Existence of a Substring in a String and Its Reverse

Problem

Given a**** string s, find any substring of length 2 which is also present in the reverse of s.

Return true if such a substring exists, andfalse otherwise.

Examples

Example 1

Input: s = "leetcode"

Output: true

Explanation: Substring `"ee"` is of length `2` which is also present in
`reverse(s) == "edocteel"`.

Example 2

Input: s = "abcba"

Output: true

Explanation: All of the substrings of length `2` `"ab"`, `"bc"`, `"cb"`,
`"ba"` are also present in `reverse(s) == "abcba"`.

Example 3

Input: s = "abcd"

Output: false

Explanation: There is no substring of length `2` in `s`, which is also
present in the reverse of `s`.

Constraints

• 1 <= s.length <= 100
• s consists only of lowercase English letters.

Solution

Method 1 – Hash Set for Substrings

Intuition

If any substring of length 2 in s is also present in the reverse of s, then there is an overlap.

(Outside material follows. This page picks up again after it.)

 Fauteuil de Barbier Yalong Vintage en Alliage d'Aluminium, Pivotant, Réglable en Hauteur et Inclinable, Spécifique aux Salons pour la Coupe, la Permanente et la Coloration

We can collect all substrings of length 2 from s and from reverse(s), and check for intersection.

Approach

1. If the length of s is less than 2, return false.
2. Collect all substrings of length 2 from s into a set.
3. Reverse s and collect all substrings of length 2 from the reversed string into another set.
4. Check if there is any intersection between the two sets.
5. Return true if there is an intersection, otherwise false.

Code

C++

class Solution {
public:
    bool hasSubstringInReverse(string s) {
        if (s.size() < 2) return false;
        unordered_set<string> subs, revsubs;
        for (int i = 0; i + 1 < s.size(); ++i) subs.insert(s.substr(i, 2));
        reverse(s.begin(), s.end());
        for (int i = 0; i + 1 < s.size(); ++i) revsubs.insert(s.substr(i, 2));
        for (auto& sub : subs) if (revsubs.count(sub)) return true;
        return false;
    }
};

Java

class Solution {
    public boolean hasSubstringInReverse(String s) {
        if (s.length() < 2) return false;
        Set<String> subs = new HashSet<>();
        Set<String> revsubs = new HashSet<>();
        for (int i = 0; i + 1 < s.length(); ++i) subs.add(s.substring(i, i+2));
        StringBuilder sb = new StringBuilder(s).reverse();
        for (int i = 0; i + 1 < s.length(); ++i) revsubs.add(sb.substring(i, i+2));
        for (String sub : subs) if (revsubs.contains(sub)) return true;
        return false;
    }
}

Python

class Solution:
    def hasSubstringInReverse(self, s: str) -> bool:
        if len(s) < 2:
            return False
        subs = set(s[i:i+2] for i in range(len(s)-1))
        rev = s[::-1]
        revsubs = set(rev[i:i+2] for i in range(len(rev)-1))
        return not subs.isdisjoint(revsubs)

Rust

use std::collections::HashSet;
impl Solution {
    pub fn has_substring_in_reverse(s: String) -> bool {
        if s.len() < 2 { return false; }
        let subs: HashSet<_> = s.as_bytes().windows(2).map(|w| w.to_vec()).collect();
        let rev: Vec<u8> = s.bytes().rev().collect();
        let revsubs: HashSet<_> = rev.windows(2).map(|w| w.to_vec()).collect();
        subs.intersection(&revsubs).next().is_some()
    }
}

TypeScript

class Solution {
    hasSubstringInReverse(s: string): boolean {
        if (s.length < 2) return false;
        const subs = new Set<string>();
        for (let i = 0; i + 1 < s.length; ++i) subs.add(s.substring(i, i+2));
        const rev = s.split('').reverse().join('');
        const revsubs = new Set<string>();
        for (let i = 0; i + 1 < rev.length; ++i) revsubs.add(rev.substring(i, i+2));
        for (const sub of subs) if (revsubs.has(sub)) return true;
        return false;
    }
}

Complexity

• ⏰ Time complexity: O(n), where n is the length of s (since substring extraction and set operations are linear).
• 🧺 Space complexity: O(n), for storing the sets of substrings.